# Snowboard Photography: Getting Started



## jonahr (Nov 17, 2008)

This season, i plan on shooting my friends snowboarding, sometimes at night. By that time i will have a  Nikon D80. What should i get in terms of flashes and light stands?
I have been eyeing the Nikon SB-600, but will one flash be enough? and should i try to get a strobelight as well as hotshoe flashes? Basicly, i guess could someone give me an overview of what kind of system i should be looking for, preferably under $400 (for flashes). Also, how would you reccomend i set up the flashes?


----------



## osirus (Nov 27, 2008)

one thing i recomend..
is keep your head up!

i know people whos camera lens and flash were destroyed cause they looked away for a sec and one of the snowboarders crashed into them..

im no lighting expert.
but id say the setup depends on what you are shooting at the time, and what you are going for..

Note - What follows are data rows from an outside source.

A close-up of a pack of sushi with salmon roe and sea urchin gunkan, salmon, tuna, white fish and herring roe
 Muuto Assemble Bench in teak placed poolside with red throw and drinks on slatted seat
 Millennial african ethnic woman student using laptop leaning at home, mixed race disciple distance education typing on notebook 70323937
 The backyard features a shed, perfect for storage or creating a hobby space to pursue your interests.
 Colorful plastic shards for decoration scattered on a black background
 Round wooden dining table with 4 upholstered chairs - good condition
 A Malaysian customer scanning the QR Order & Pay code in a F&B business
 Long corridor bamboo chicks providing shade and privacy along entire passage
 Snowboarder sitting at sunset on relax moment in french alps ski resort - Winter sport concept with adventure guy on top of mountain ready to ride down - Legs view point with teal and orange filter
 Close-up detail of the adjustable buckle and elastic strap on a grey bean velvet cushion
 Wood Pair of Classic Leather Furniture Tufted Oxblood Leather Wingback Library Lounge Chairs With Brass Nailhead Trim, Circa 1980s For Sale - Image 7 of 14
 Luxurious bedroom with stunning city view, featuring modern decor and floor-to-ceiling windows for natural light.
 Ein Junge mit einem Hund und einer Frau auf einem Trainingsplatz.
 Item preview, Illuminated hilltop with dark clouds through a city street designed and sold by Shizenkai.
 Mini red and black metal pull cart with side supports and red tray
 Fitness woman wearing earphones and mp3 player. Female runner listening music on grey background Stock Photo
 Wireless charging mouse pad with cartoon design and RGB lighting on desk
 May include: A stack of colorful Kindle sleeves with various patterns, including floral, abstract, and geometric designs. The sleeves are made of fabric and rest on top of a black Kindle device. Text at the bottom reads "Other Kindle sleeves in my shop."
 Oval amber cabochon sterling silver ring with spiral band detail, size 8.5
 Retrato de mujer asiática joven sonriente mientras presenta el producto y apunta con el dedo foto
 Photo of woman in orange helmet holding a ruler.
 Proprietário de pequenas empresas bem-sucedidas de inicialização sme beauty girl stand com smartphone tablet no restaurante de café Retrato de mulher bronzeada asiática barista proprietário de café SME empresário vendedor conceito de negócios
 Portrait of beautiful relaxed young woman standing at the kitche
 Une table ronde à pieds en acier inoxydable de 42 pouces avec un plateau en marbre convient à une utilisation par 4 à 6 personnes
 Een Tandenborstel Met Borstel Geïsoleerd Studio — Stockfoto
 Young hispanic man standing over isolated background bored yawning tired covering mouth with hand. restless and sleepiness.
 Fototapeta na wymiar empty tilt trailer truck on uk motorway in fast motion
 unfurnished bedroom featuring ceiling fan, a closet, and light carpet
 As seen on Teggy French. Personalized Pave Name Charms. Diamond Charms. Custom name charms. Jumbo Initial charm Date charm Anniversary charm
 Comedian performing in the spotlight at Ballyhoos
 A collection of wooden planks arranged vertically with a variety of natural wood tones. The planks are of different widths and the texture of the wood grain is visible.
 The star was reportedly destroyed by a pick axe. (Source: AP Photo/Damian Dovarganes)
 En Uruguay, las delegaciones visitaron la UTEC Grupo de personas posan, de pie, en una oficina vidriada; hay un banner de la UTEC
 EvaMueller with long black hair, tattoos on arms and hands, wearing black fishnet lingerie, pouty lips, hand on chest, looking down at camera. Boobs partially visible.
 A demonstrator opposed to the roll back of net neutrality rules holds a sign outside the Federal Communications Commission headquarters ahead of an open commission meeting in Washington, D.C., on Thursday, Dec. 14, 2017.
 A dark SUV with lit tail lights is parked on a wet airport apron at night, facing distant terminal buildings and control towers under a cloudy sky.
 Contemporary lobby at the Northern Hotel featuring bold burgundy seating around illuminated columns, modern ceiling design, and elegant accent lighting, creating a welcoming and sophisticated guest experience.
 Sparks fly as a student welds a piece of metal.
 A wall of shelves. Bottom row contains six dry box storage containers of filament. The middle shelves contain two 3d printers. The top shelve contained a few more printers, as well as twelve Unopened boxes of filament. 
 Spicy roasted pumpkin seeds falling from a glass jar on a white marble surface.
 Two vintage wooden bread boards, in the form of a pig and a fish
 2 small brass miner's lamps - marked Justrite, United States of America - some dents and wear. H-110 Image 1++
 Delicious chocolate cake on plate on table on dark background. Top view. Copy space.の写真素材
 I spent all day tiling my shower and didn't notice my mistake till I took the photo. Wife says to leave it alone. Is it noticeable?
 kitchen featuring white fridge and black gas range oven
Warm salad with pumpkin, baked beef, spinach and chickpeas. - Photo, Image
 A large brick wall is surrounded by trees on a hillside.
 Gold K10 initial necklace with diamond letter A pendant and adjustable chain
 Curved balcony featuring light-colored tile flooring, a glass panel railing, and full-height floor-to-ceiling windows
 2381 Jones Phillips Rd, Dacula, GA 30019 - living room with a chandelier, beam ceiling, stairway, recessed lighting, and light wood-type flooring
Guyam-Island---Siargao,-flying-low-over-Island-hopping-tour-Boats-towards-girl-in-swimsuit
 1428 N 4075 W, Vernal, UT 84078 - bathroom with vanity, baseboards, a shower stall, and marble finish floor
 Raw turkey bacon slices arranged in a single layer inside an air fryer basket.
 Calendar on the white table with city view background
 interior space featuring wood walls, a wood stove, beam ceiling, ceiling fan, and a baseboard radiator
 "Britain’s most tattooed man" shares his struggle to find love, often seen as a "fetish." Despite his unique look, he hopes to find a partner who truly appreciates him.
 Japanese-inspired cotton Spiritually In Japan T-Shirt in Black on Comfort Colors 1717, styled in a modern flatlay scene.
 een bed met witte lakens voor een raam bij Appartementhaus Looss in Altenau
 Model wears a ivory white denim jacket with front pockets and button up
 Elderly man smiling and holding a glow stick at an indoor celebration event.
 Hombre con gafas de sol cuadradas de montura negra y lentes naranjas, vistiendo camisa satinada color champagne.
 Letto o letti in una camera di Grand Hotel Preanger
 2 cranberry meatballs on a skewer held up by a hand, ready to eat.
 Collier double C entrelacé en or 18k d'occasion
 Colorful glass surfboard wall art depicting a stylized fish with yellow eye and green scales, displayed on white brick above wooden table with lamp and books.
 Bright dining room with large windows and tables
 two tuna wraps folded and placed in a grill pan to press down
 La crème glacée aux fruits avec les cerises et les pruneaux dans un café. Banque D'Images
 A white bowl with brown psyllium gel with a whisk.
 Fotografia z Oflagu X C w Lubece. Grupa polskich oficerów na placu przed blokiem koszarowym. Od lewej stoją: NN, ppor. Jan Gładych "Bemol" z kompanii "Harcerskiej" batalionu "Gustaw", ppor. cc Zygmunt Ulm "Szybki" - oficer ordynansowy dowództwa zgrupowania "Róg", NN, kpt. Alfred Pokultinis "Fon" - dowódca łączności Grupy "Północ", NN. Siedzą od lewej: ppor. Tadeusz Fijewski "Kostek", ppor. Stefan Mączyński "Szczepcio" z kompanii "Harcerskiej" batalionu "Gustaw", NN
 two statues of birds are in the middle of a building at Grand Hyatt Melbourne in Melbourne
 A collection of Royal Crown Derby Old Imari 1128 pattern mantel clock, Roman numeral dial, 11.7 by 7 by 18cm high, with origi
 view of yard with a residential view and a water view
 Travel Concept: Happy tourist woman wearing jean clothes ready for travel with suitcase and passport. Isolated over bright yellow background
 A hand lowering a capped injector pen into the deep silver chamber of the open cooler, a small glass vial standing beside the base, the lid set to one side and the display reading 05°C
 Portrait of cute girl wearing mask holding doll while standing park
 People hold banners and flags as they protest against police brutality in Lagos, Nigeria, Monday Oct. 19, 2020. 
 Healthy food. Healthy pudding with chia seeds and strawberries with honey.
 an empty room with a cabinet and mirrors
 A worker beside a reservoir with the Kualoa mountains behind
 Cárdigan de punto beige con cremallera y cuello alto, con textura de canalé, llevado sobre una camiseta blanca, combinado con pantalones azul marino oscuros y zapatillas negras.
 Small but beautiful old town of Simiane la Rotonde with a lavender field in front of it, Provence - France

i guess one flash could be enough, you could say light someone jumping at night fromm off to the side and a little behind to give the bright hightlights along the edge of them, and also use the d80s pop up flash to do some fill flash.


but im no pro...
im just in the process of getting my first flash an sb800..


----------



## Ejazzle (Nov 27, 2008)

are you gonna be shooting alot at night?


----------



## jvgig (Nov 29, 2008)

Does the mountain allow the use of a flash?  It could be very distracting and thus dangerous to others if you are on the general slope, now if you have a closed off trail, you will be alright.  Just something to ask about.

I would just try to position you self in a well lit area and get a fast lens.


----------



## roadkill (Nov 30, 2008)

SB600 should be sufficient.  You can alsouse it off camera with the D80's commander mode.


----------